**Supplied records**
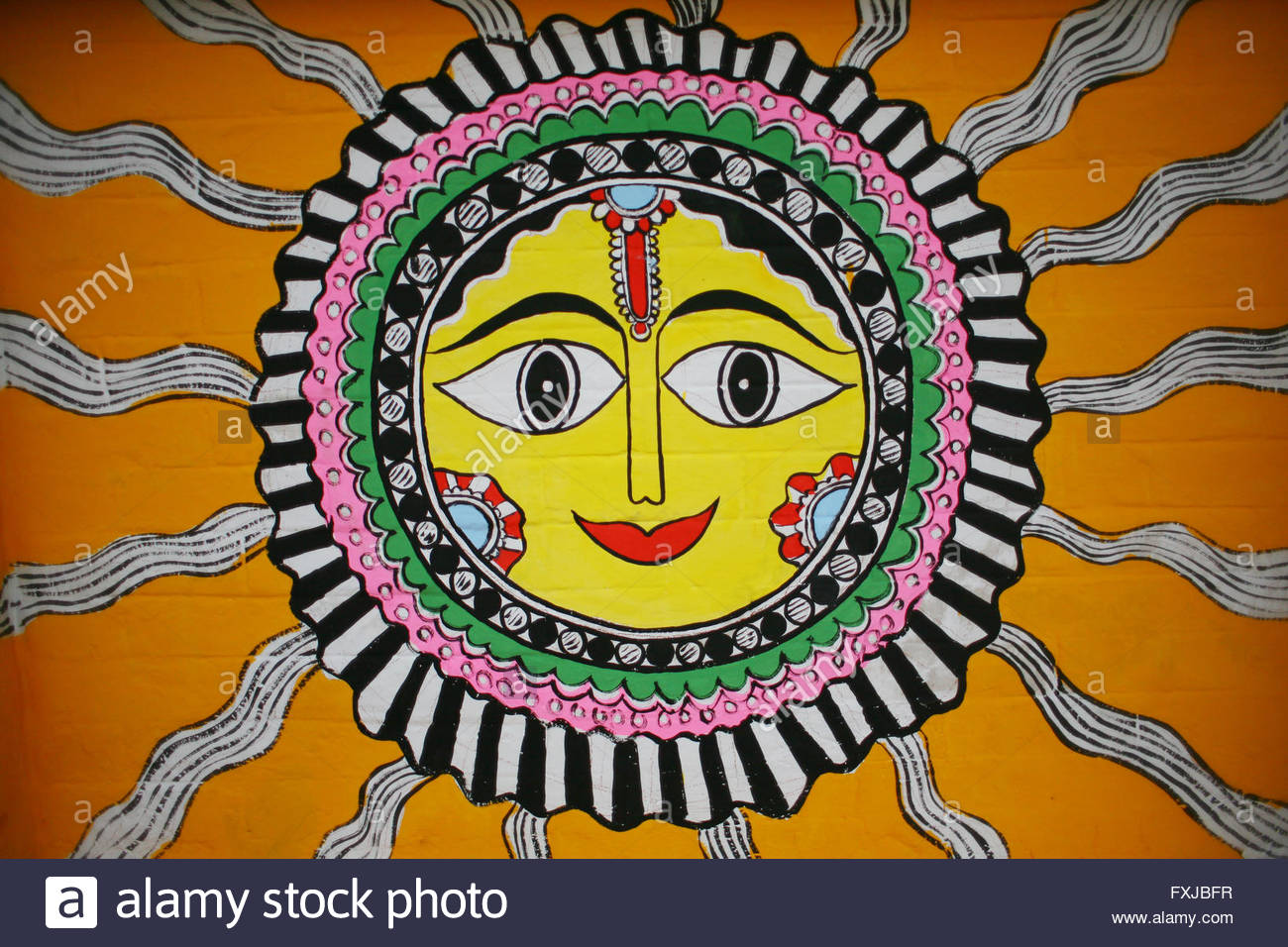 1300x956 Traditional Sun, Folk Art Painting On The Wall Stock Photo - Folk Art Painting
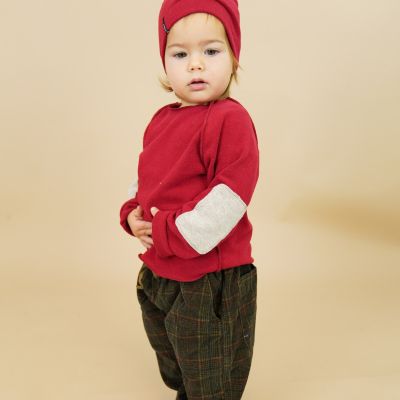 Unisex Baby Sweatshirt Kinya Red Beige Patches by Album di Famiglia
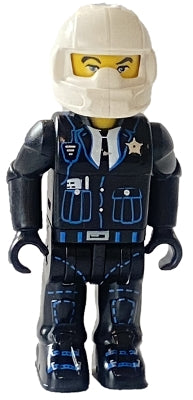 Preowned LEGO® Minifigure – Jack Stone 4j002 Police Black Legs Black Jacket White Helmet Ye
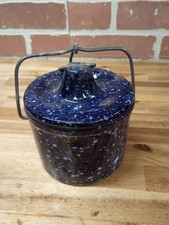 Vintage lidded Crock With Metal Fastener Stoneware Speckled Blue Pottery picture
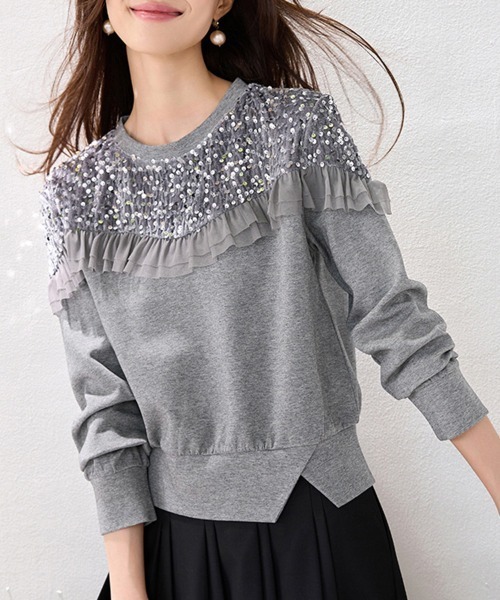 ONEP STAR(ワンピスター)の「装飾入りスウェットトップス(スウェット・レディース・グレー・MEDIUM/LARGE/X-LARGE)」の4枚目の写真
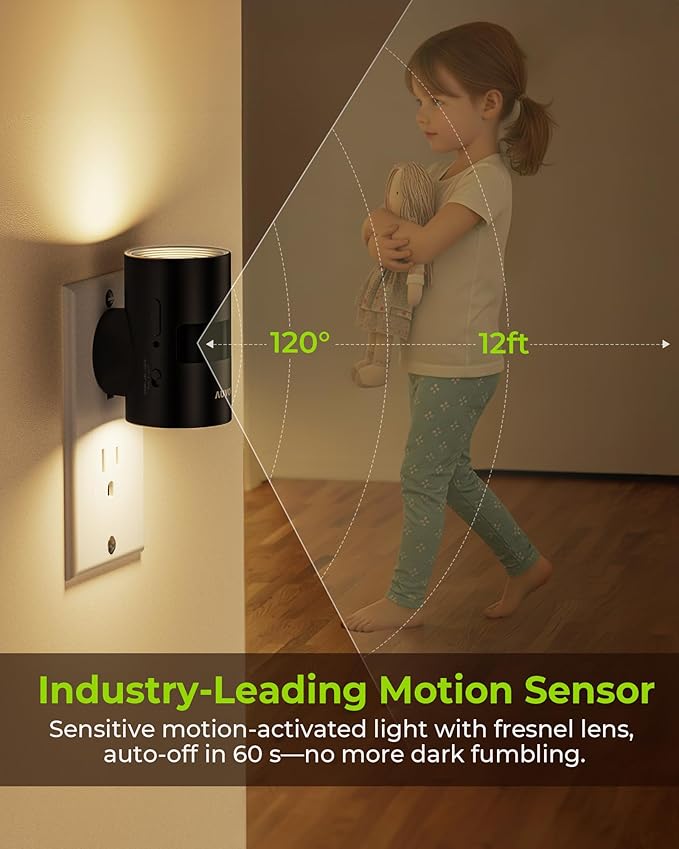 AUVON LED Night Light Plug in, Modern Motion Sensor Night Light with 90° Rotatable Design & Dusk to Dawn Sensor, Dimmable Night Lights 1-100LM Warm White 2700K for Bedroom, Hallway, Stairway, 2 Packs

**Exercise description**
From the records above, copy exactly the stretch from the line holding "Preowned LEGO® Minifigure" through the line holding "ONEP STAR(ワンピス", both ends included, without the pictures.

**Expected answer**
 Preowned LEGO® Minifigure – Jack Stone 4j002 Police Black Legs Black Jacket White Helmet Ye
 Vintage lidded Crock With Metal Fastener Stoneware Speckled Blue Pottery picture
 ONEP STAR(ワンピスター)の「装飾入りスウェットトップス(スウェット・レディース・グレー・MEDIUM/LARGE/X-LARGE)」の4枚目の写真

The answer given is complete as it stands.